# UFTA/BDC trials W Ohio



## ckfowler (Jul 14, 2008)

I am sponsoring trials dual sanctioned by UFTA and Bird Dog Challenge at Fairchild's Pheasant Farm in West Liberty on Nov 1/2 and again Dec 13/14. Folks are welcome to come watch even if you don't want to compete. We have scheduled Flushing dogs on Sat and Pointing dogs on Sun. We run under UFTA rules and there are links below for both organizations sites which has rules, dog records and schedules of other events.

www.ufta-online.com

www.nbdca.com


----------



## THEsportsMAN (Oct 18, 2005)

I definitely plan to check this out. It's such a coincidence that I have been really looking into this stuff lately and trying to learn more about it, and then I read this post. Looking forward to seeing how these things go, for I've only read about them in books. Thanks for the post, it's greatly appreciated!


----------



## ckfowler (Jul 14, 2008)

My first exposure to these was volunteering to plant birds for one being done as a fundraiser for Quail Unlimited in exchange for chasing leftovers after everyone was done. Never figured my dog would play. Watched as I worked and figured we could enter one or two just to see how we compared. Got our butts whipped a couple times but placed 4th in the 3rd event we entered and we were hooked. 7 years now behind that dog and warming up the next one for when the older dog slows down.

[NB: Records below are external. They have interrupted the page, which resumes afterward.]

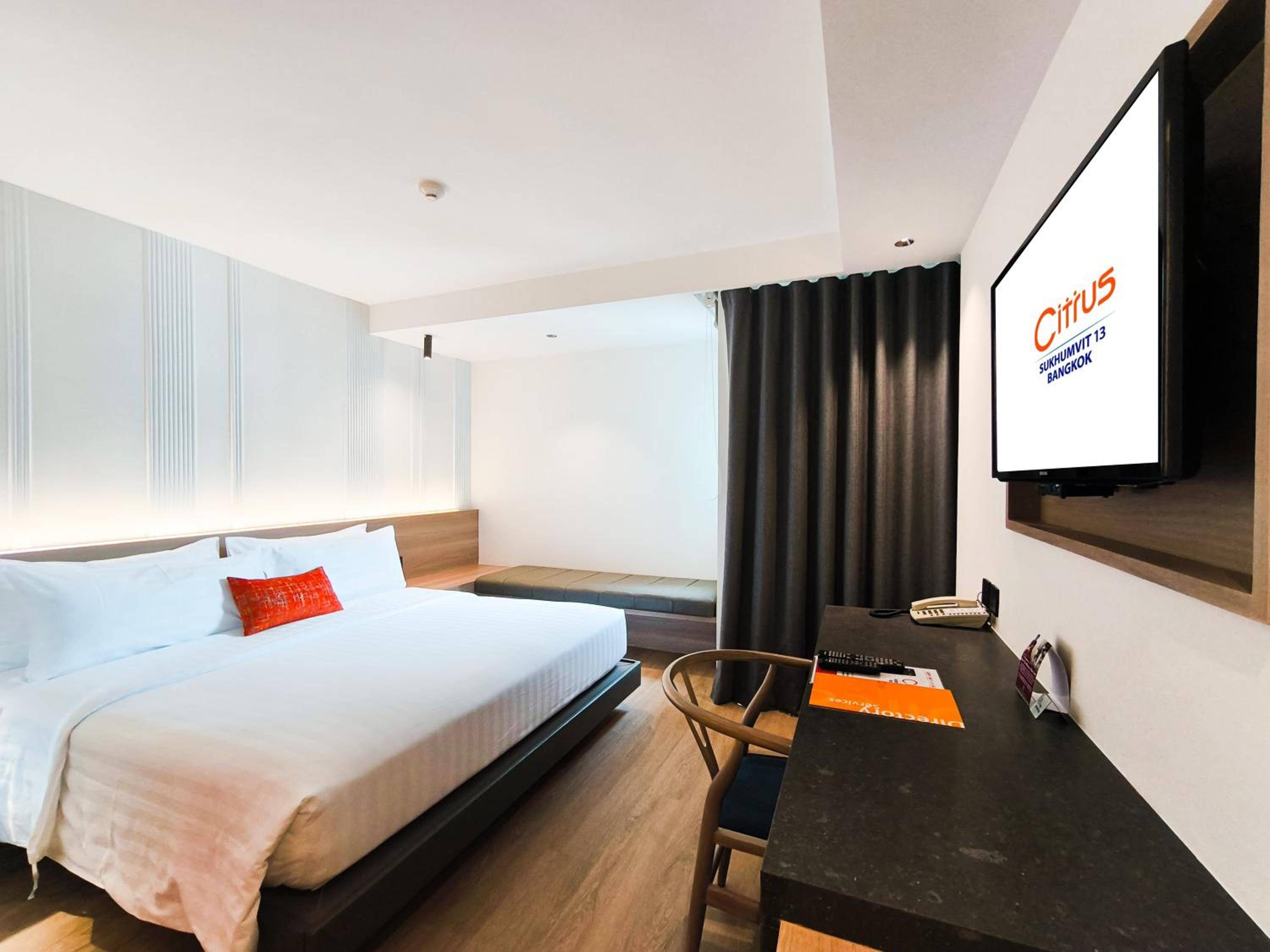 Citrus Sukhumvit 13 Nana Bangkok by Compass Hospitality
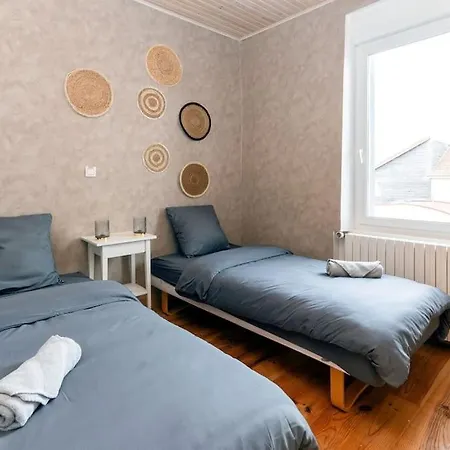 Le Grisou Apartment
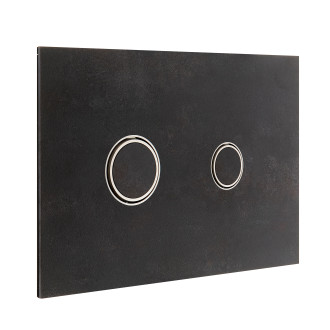 Ovládací tlačítko Alca METAL ALCATLME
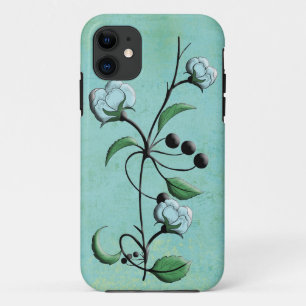 Case-Mate iPhone Case Flore moderne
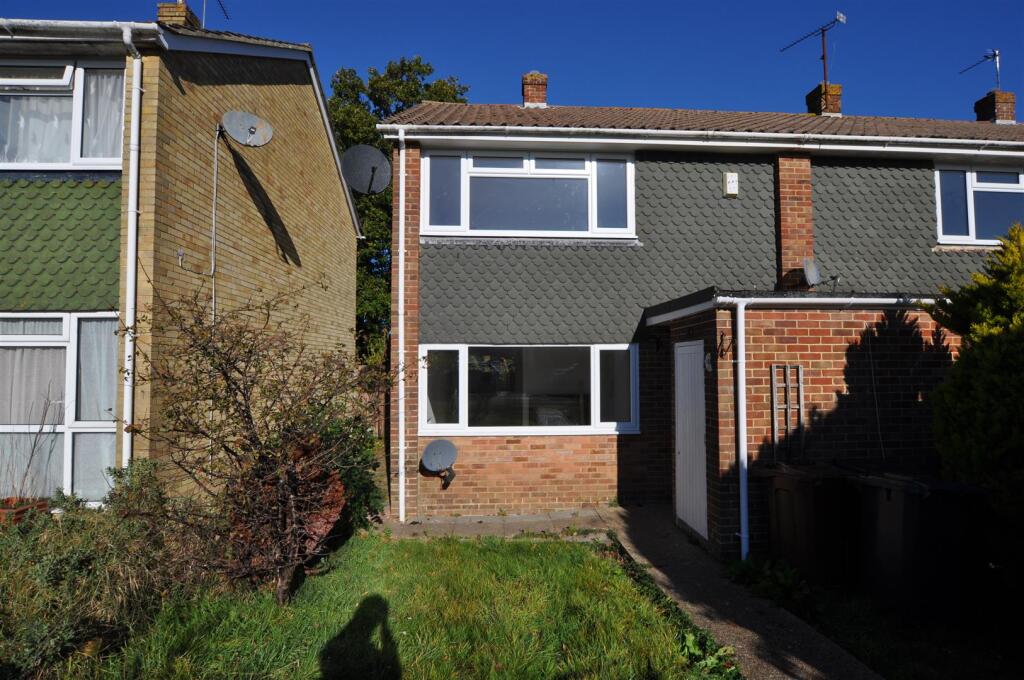 Harmers Hay Road, Hailsham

Stop by and introduce yourself!


----------



## ckfowler (Jul 14, 2008)

10 Flushers scheduled for Sat, 12 Open Pointing dogs and 12 Amateur Pointing dogs on Sun. Boykins, Curly Coat Retrievers, Cockers, Labs, English Setters, German Shorthairs, English Pointers, Brittanies, and German Wirehairs.

Club is off 245 West of West Liberty FYI


----------